■ **The data**

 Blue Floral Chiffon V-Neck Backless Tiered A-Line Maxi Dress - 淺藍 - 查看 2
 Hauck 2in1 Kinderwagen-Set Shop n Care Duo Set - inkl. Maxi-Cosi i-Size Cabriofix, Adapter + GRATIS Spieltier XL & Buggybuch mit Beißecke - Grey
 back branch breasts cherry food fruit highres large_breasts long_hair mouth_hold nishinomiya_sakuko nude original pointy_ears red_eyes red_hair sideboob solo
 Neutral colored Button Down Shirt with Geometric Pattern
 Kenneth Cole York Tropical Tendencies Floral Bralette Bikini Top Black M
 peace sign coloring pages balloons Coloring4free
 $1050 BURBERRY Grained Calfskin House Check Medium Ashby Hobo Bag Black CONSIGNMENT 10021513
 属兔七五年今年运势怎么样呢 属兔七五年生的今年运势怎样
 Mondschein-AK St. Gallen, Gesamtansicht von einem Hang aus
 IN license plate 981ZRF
---
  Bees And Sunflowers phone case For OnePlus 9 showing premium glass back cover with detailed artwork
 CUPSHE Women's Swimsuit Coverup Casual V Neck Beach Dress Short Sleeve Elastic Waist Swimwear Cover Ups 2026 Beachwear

■ **What is being asked**
Lines that hold the word "Black" are the ones to copy from the entries above.

■ **Task result**
 Kenneth Cole York Tropical Tendencies Floral Bralette Bikini Top Black M
 $1050 BURBERRY Grained Calfskin House Check Medium Ashby Hobo Bag Black CONSIGNMENT 10021513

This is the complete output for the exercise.